PROVIDED DATA:

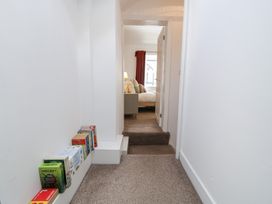 A hallway with books on a shelf and a view of a bedroom at Derwen House Llangollen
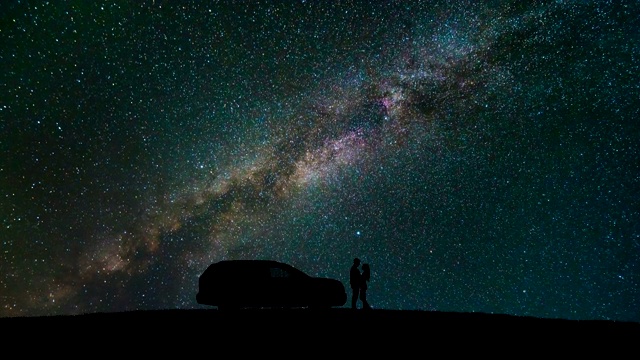这对夫妇站在一辆汽车旁，天空中闪烁着星星。时间流逝视频素材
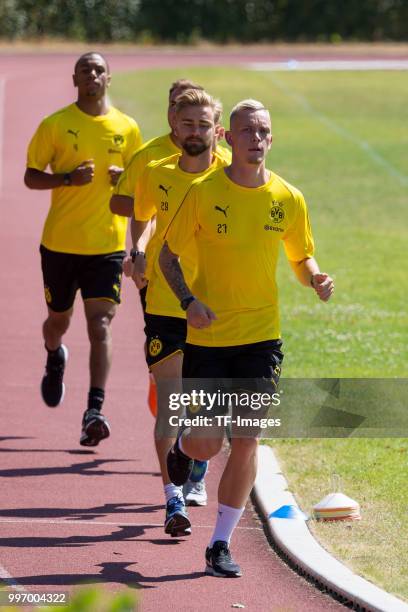 Abdou Diallo of Dortmund, Marcel Schmelzer of Dortmund and Marius Wolf of Dortmund run during a training session on July 7, 2018 in Dortmund, Germany.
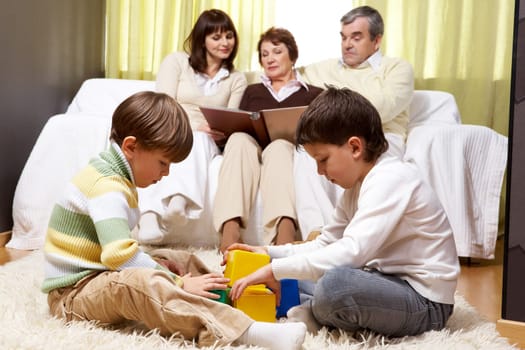 Family of grandparents and mother sitting on sofa and reading and two boys playing together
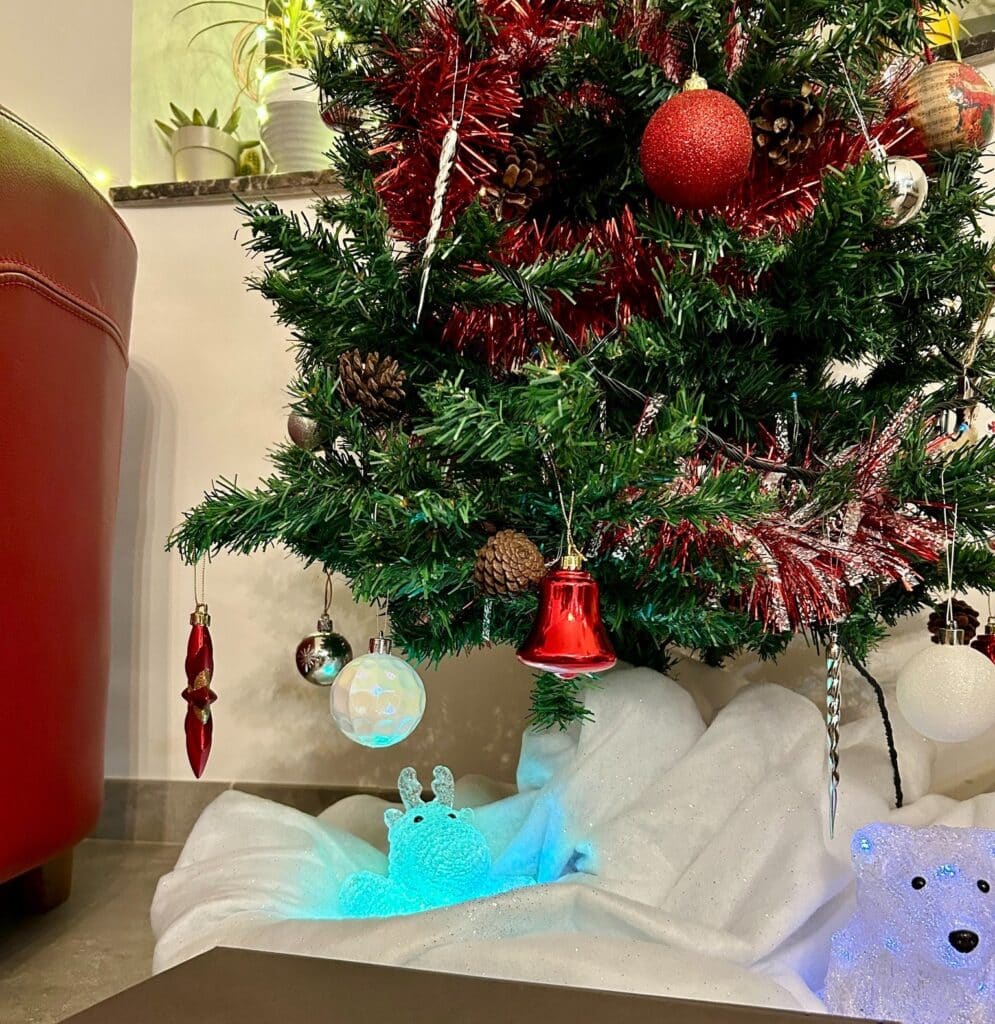 Sapin Noël décoré avec guirlandes rouges et ornements.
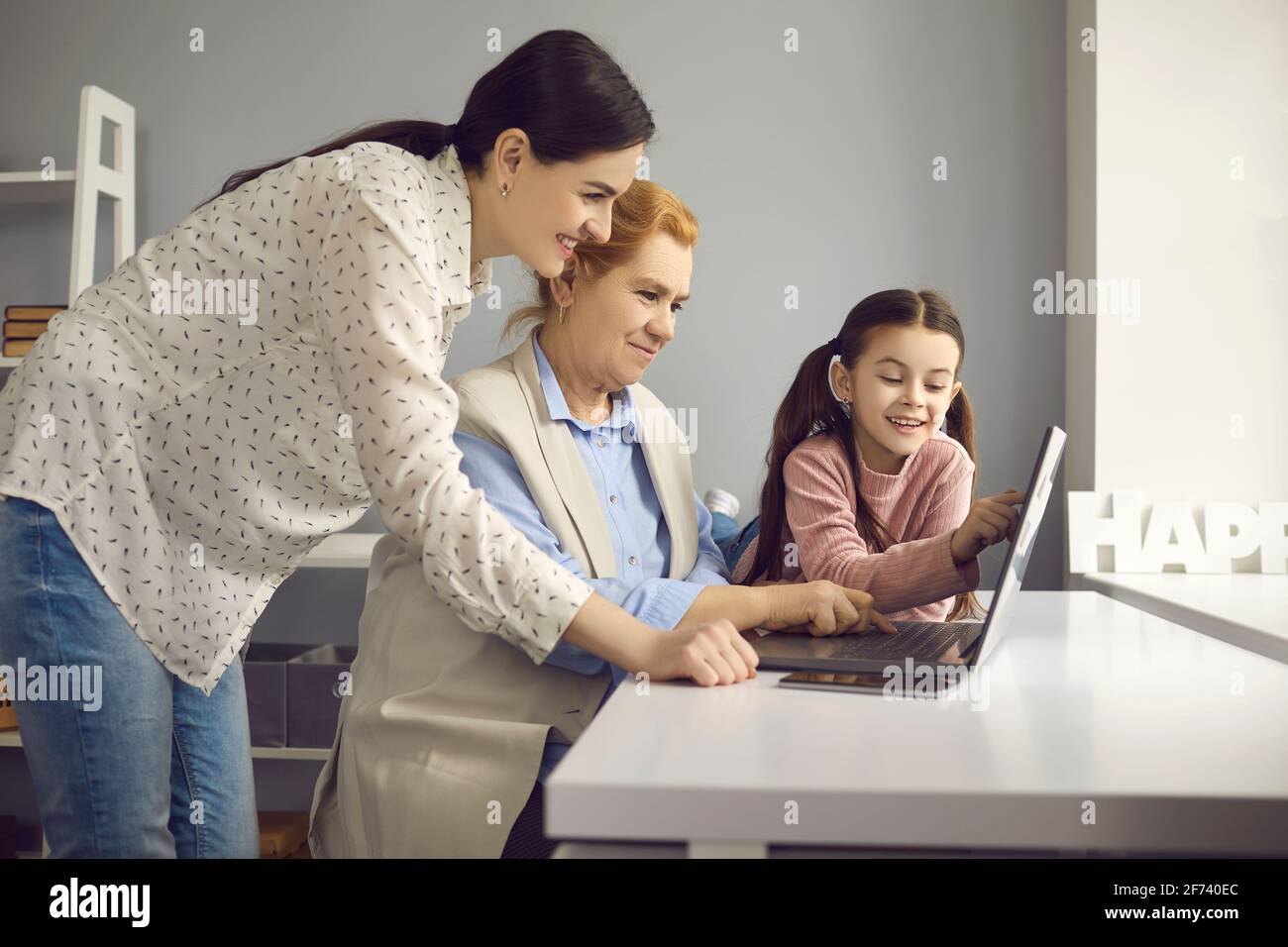 Adult daughter grandchild teaching elderly grandmother to use internet on laptop Stock Photo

WORK TO BE COMPLETED:
Pictures aside, set down the lines from the one containing "Sapin Noël décoré" through the end of the records above, exactly and only those.

RESPONSE TO THE TASK:
 Sapin Noël décoré avec guirlandes rouges et ornements.
 Adult daughter grandchild teaching elderly grandmother to use internet on laptop Stock Photo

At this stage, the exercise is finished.